= DATA SEGMENT =
▬▬▬▬▬▬

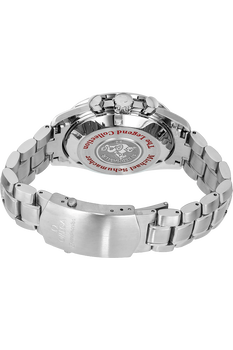 Speedmaster Michael Schumacher Legend Limited Edition Stainless Steel Automatic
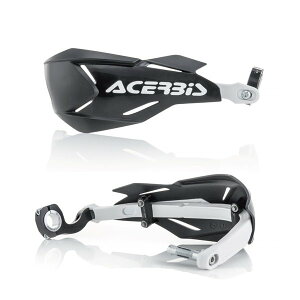 �y30����24���Ԍ���N�[�|���z�z�zACERBIS �A�`�F���r�XAC X-FACTORY�n���h�K�[�h BK/WH AC-22397BK/WH(2644652)����s�� ��������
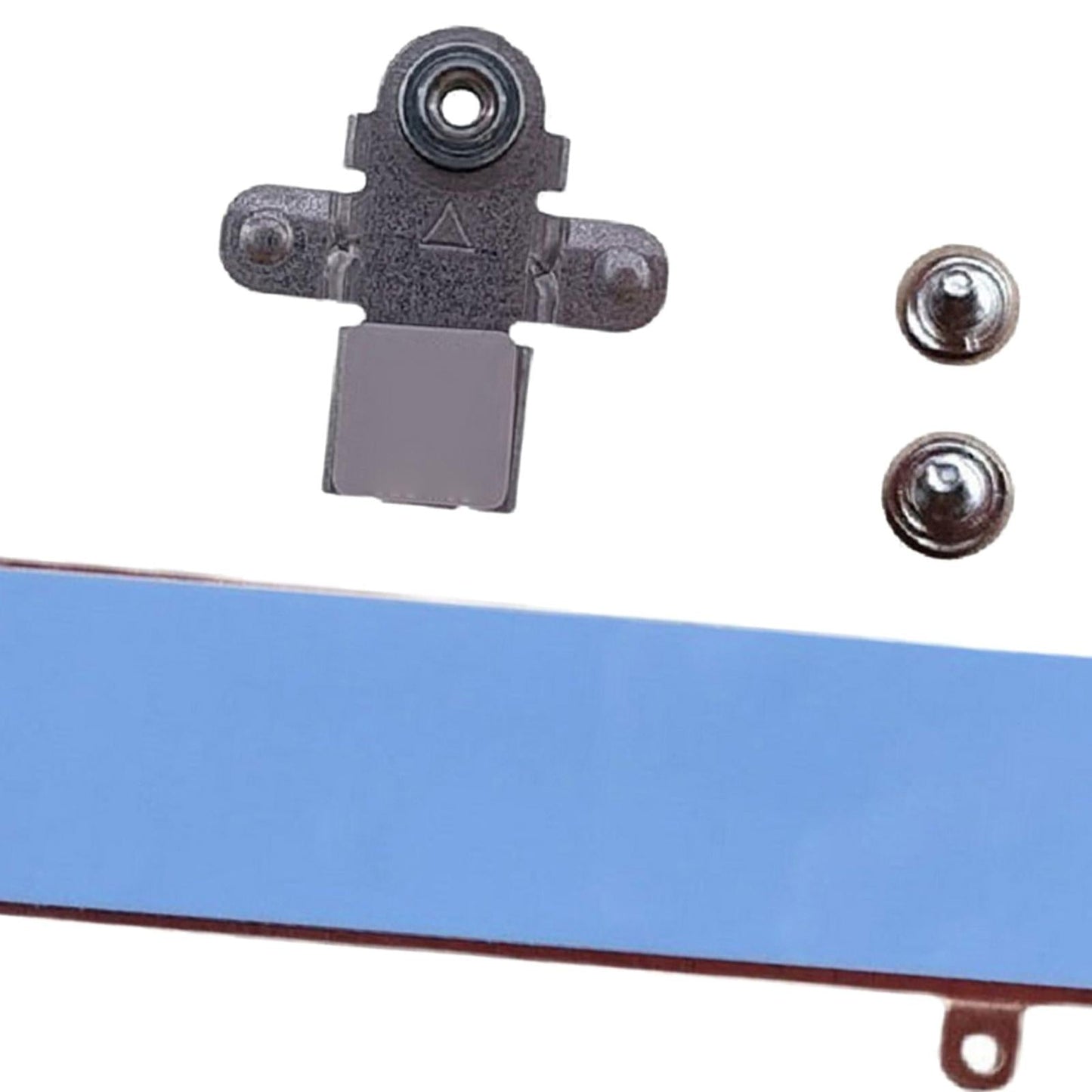 Metal M.2 SSD Heatsink Cover and Bracket for Dell G15 5510 5511 5515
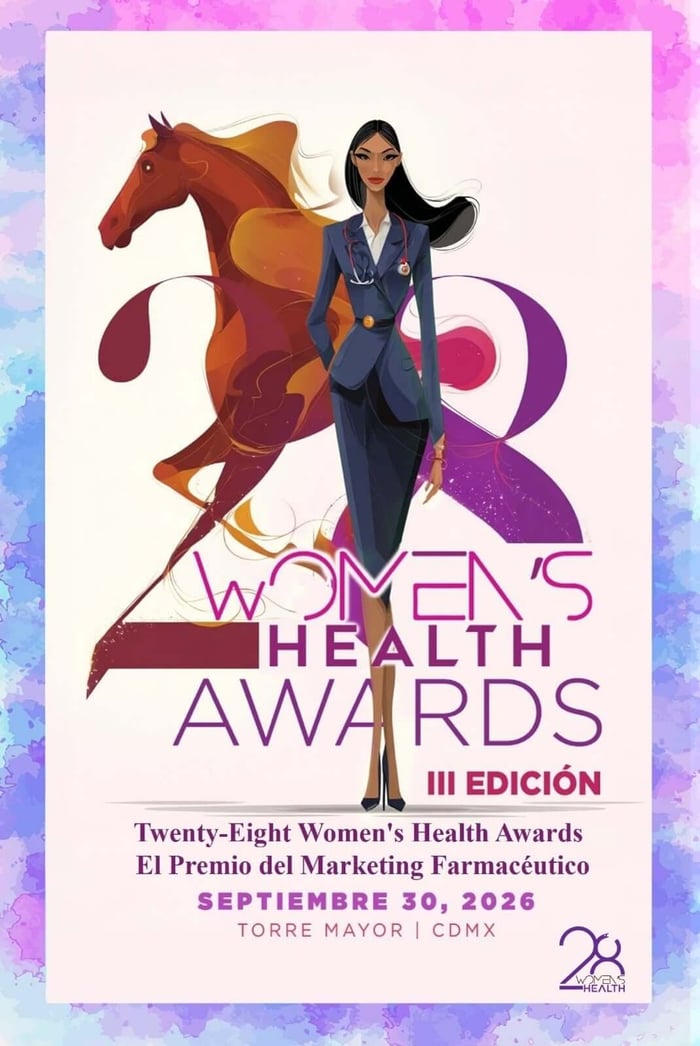 Twenty-Eight Women's Health Awards 2026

▬▬▬▬▬▬

= PROMPT =
All the lines above are to be given again exactly as they read, with the pictures removed.

= SOLVED EXERCISE =
 Speedmaster Michael Schumacher Legend Limited Edition Stainless Steel Automatic
 �y30����24���Ԍ���N�[�|���z�z�zACERBIS �A�`�F���r�XAC X-FACTORY�n���h�K�[�h BK/WH AC-22397BK/WH(2644652)����s�� ��������
 Metal M.2 SSD Heatsink Cover and Bracket for Dell G15 5510 5511 5515
 Twenty-Eight Women's Health Awards 2026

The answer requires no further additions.